Excerpted records: Begin

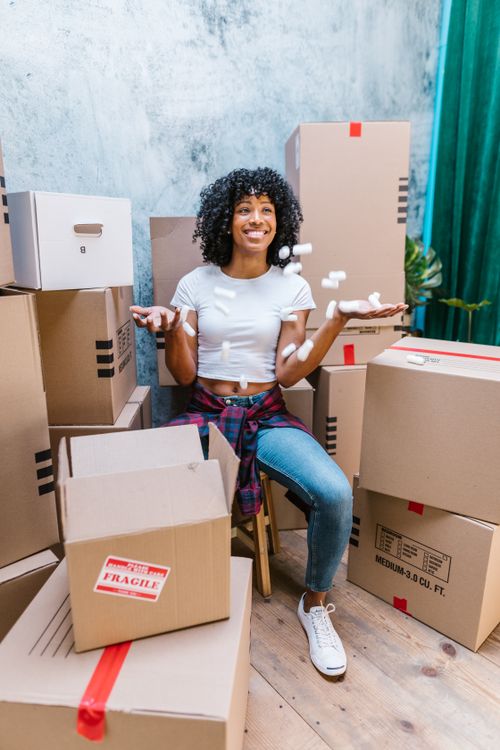 Free A cheerful woman with curly hair sits among packing boxes, tossing foam peanuts. Stock Photo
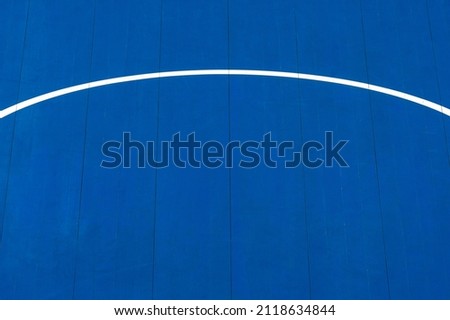 Blue volleyball, basketball, badminton, futsal, handball court. Wooden floor of sports hall with marking line on wooden floor indoor, gym court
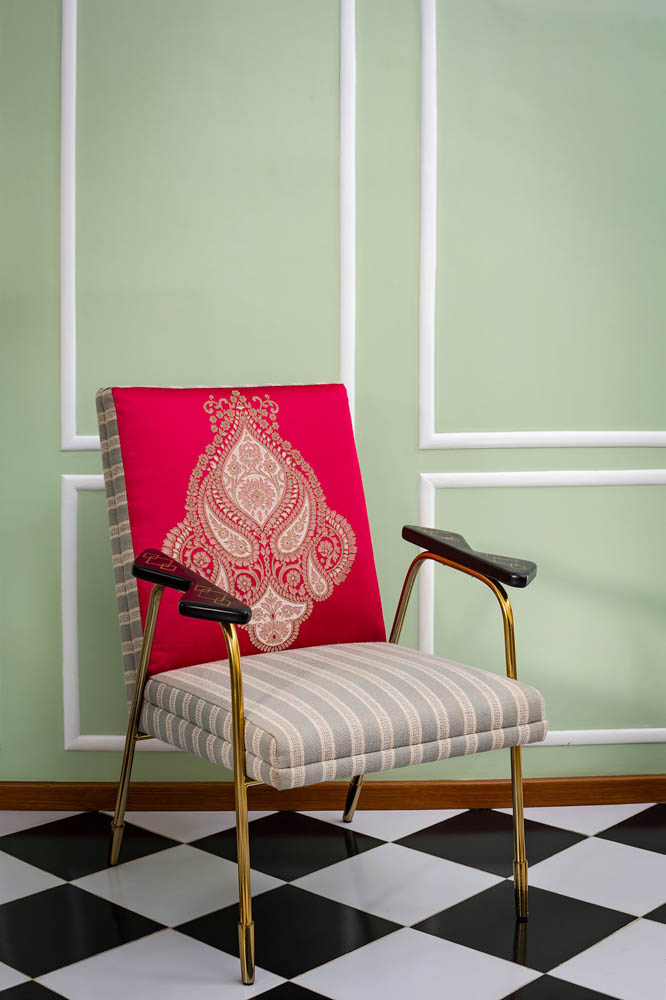 Striped armchair features brass inlay in the room interior with patterned flooring -Beautiful Homes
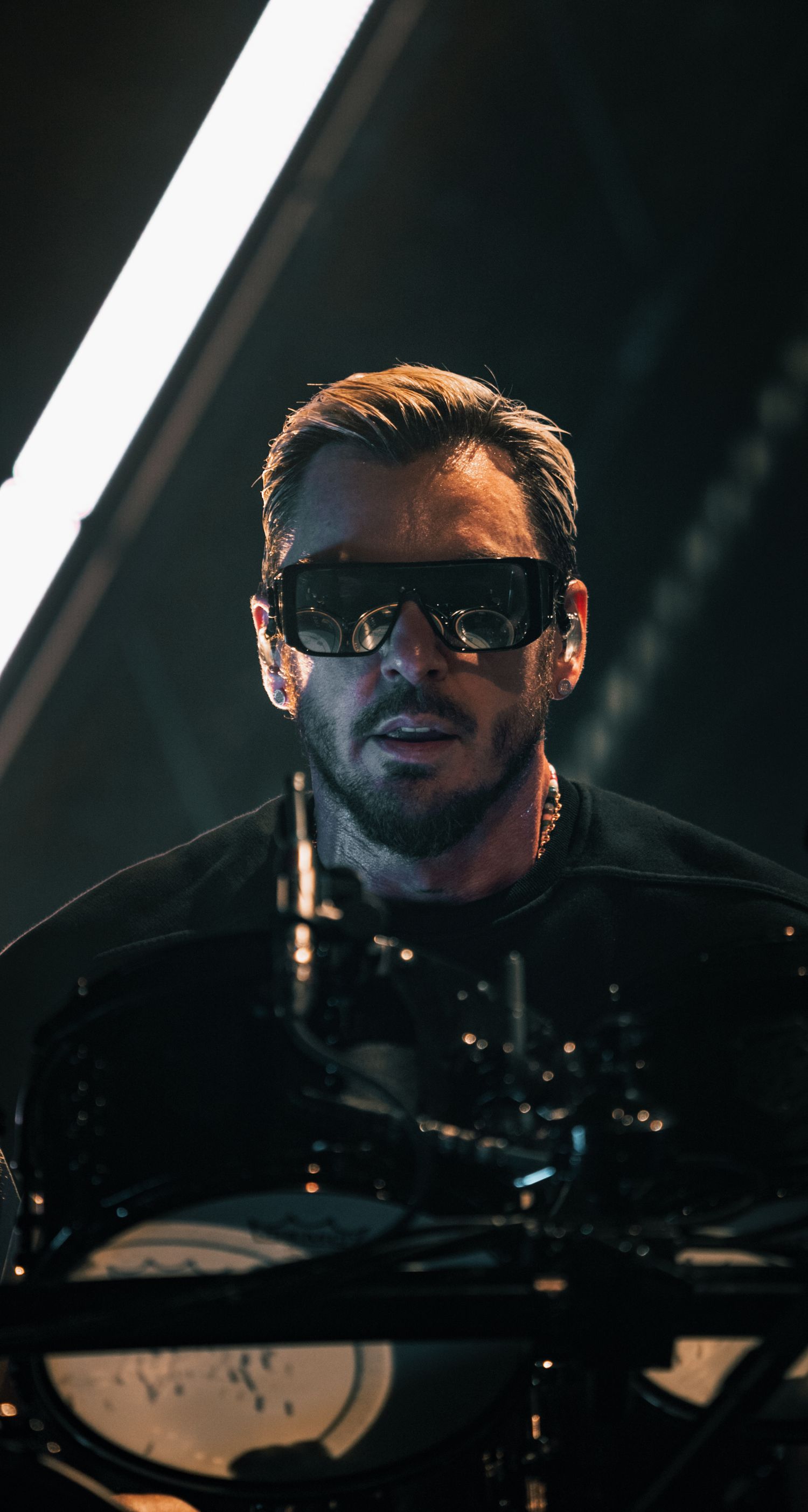A performer in dark sunglasses illuminated by stage lighting behind drum equipment.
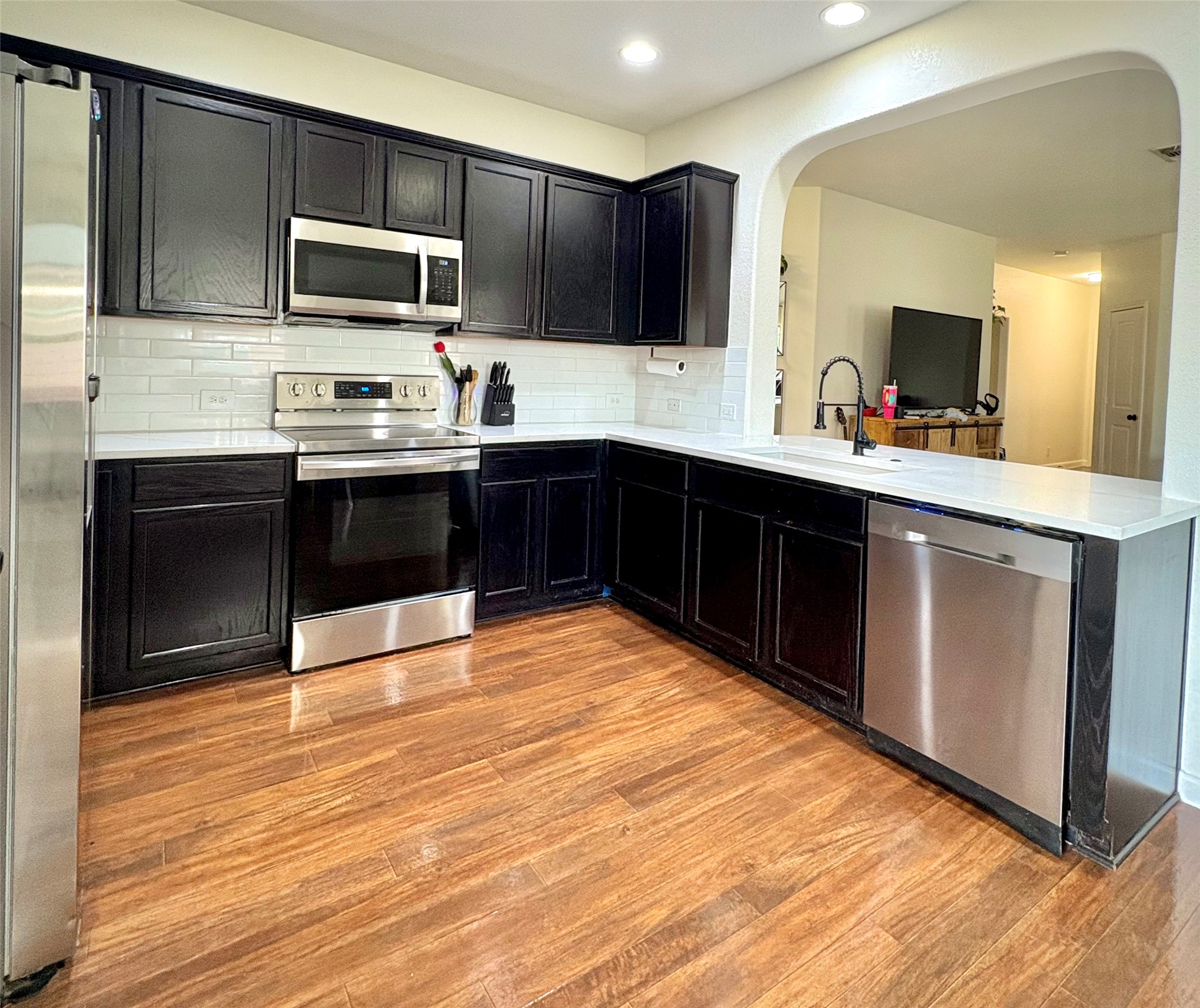 606 Old Peak Road Georgetown, TX 78626 - Photo 5 of 16 a kitchen with stainless steel appliances kitchen island granite countertop a stove top oven and sink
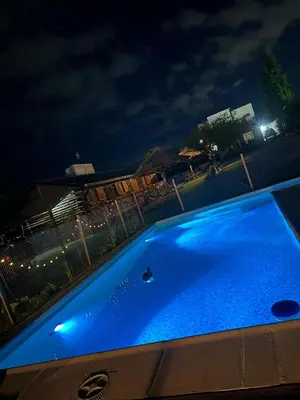 a large blue swimming pool at night at Cabañas Las Serranitas 3 in Villa Parque Siquiman
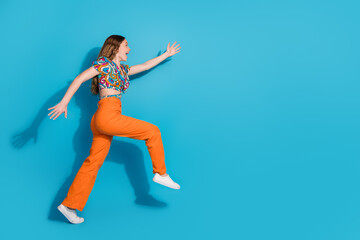 Full size photo of nice young girl run empty space wear top isolated on blue color background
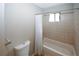 Bathroom featuring toilet, shower/tub, and tiled walls at 165 Woodhaven Way, Alpharetta, GA 30009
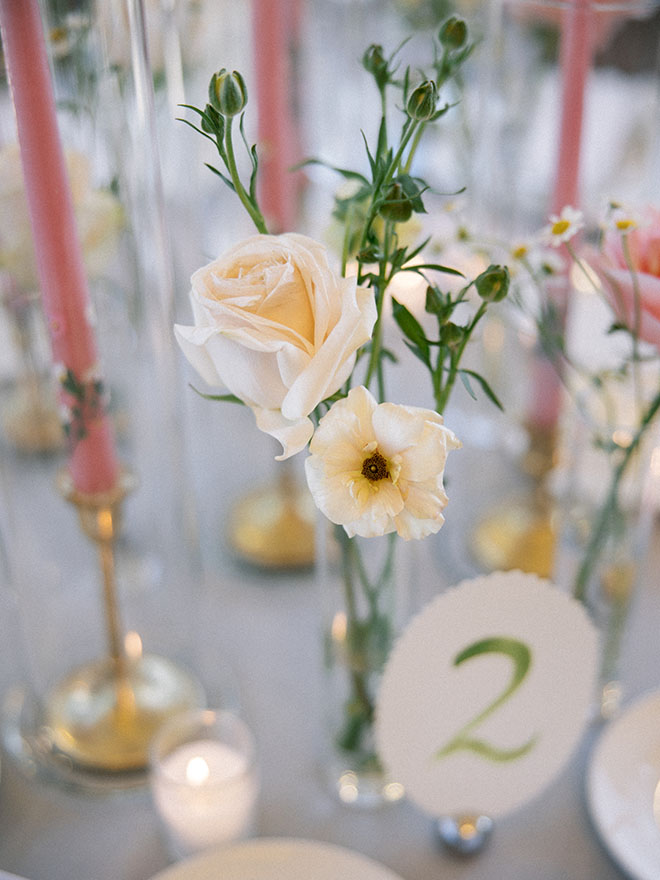 Hand painted tables numbers, pink candles and bud vases decorate the reception tables.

Excerpted records: End

§ **Exercise brief**: Where the line containing "Blue volleyball, basketball, badminton, futsal, handball" appears above, start there and set down each line exactly through the last line of the data; leave out every picture.

§ **Solved exercise**:
 Blue volleyball, basketball, badminton, futsal, handball court. Wooden floor of sports hall with marking line on wooden floor indoor, gym court
 Striped armchair features brass inlay in the room interior with patterned flooring -Beautiful Homes
A performer in dark sunglasses illuminated by stage lighting behind drum equipment.
 606 Old Peak Road Georgetown, TX 78626 - Photo 5 of 16 a kitchen with stainless steel appliances kitchen island granite countertop a stove top oven and sink
 a large blue swimming pool at night at Cabañas Las Serranitas 3 in Villa Parque Siquiman
 Full size photo of nice young girl run empty space wear top isolated on blue color background
 Bathroom featuring toilet, shower/tub, and tiled walls at 165 Woodhaven Way, Alpharetta, GA 30009
 Hand painted tables numbers, pink candles and bud vases decorate the reception tables.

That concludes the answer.